If you're a regular of the season finales of "The Sopranos," you probably were more surprised Sunday that it was Christmastime in June than that no one died.

The big moments usually are handled in the semifinal episode, which two weeks ago included two murders. The most notable was of gay mobster Vito, whose treatment by the mob was examined all season.
However, the artistic Christmas episode didn't lack suspense and presented some interesting scenarios for the show's return in January for the final eight episodes.

At various times Sunday, viewers might have suspected that Christopher (Michael Imperioli) was going to get whacked on the order of Tony's nemesis, Phil Leotardo (Frank Vincent), and that Phil was going to die either from a bombing, a heart attack or a bedside warning from Tony Soprano (James Gandolfini) that turned mushy instead.
That's one of the beauties of "The Sopranos" -- it often toys with expectations. In the end, this finale was like many of the previous ones that had been directed by the late former Buffalonian, John Patterson. It ended with a family scene that reminded viewers about how complicated Tony Soprano is as a character. He does some horrible, violent things, but he loves his family. Of course, the complications are the reason we love watching him.

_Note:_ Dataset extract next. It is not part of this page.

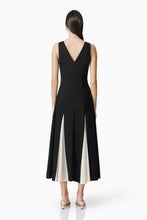 Load image into Gallery viewer, CURAAE Vera Midi Dress
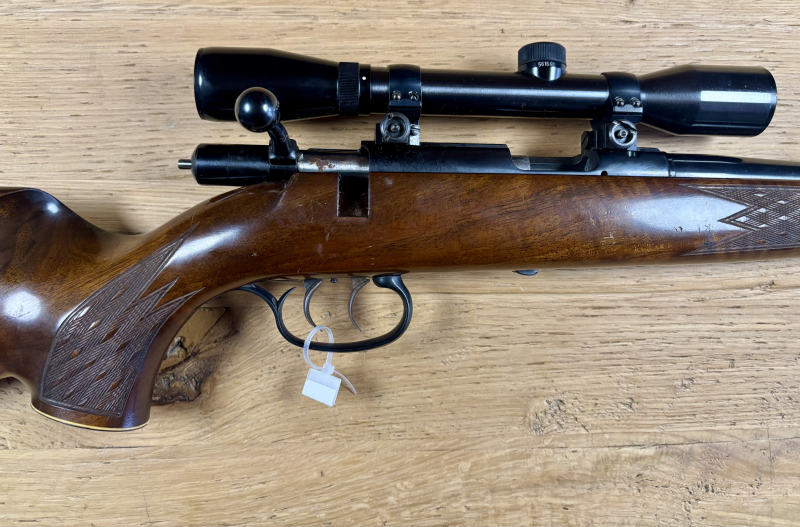 Repetierbüchse Anschütz Mod. 1422 / Cal..22lr mit ZF Sornet WFW 4x32 – obrázek 6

The episode was dedicated to Patterson, who was the best friend of series creator David Chase. Chase now has the near impossible task of meeting viewers' expectations for the final episodes.
It was difficult to completely buy Christopher's relationship with the sexy real estate agent that Tony was interested in, a drug addict played by Julianna Margulies. That seemed the kind of stretch you expect from network dramas. But it is a minor quibble.
For the next six months, viewers will have to contemplate which member of the Soprano crime family has been targeted by Leotardo's bunch and whether Tony can use the Christmas present tip he received from a federal agent to prevent it.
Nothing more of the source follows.